Canadian venture capital firm

Clearco is a funding company led by Andrew Curtis that specializes in non-dilutive revenue-share agreements with start-ups. Clearbanc claims to make equity-free investments in businesses within 48 hours based on information provided on the two metrics ad spend and unit economics and calls this ‘The 20-Min Term Sheet’. Unlike venture capital firms that require stock, Clearco takes a fee on investments up to $10 million. Businesses apply online, and its payback fees range from 6–12.5%.

It is a Canadian business founded by Michele Romanow and Andrew D'Souza in 2015, and headquartered in Toronto. It partly uses Artificial Intelligence to make decisions on potential investments. As of August 2019, it has invested in 791 businesses, has a stated monthly average revenue of $121 million and raised $1 billion.

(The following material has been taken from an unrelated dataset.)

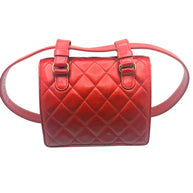 Chanel Vintage Red Quilted Lambskin Belt Bag Karl Lagerfeld Era Gold CC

In 2021, Clearbanc rebranded itself Clearco to reflect the goal of long-term partnerships with clients based not only on financing. Between 2022 and 2023, the company experienced financial difficulties in a changing economic environment. Clearco laid off approximately 72% of their staff and saw the exit of its two co-founders Romanow and D'Souza.

==Business Model ==

Clearco offers capital from $10,000 up to $10 million to entrepreneurs. The platform uses an AI system to connect to a potential client's payment, ad, and e-commerce platforms to analyze their business's financial health and revenue. The platform then reviews the data and automates the diligence process, effectuating funding decisions within minutes. By only reviewing financial and marketing data, Clearco posits it is "able to remove the bias out of traditional VC funding", translating into more capital being extended to female founders "on their platform over the industry average".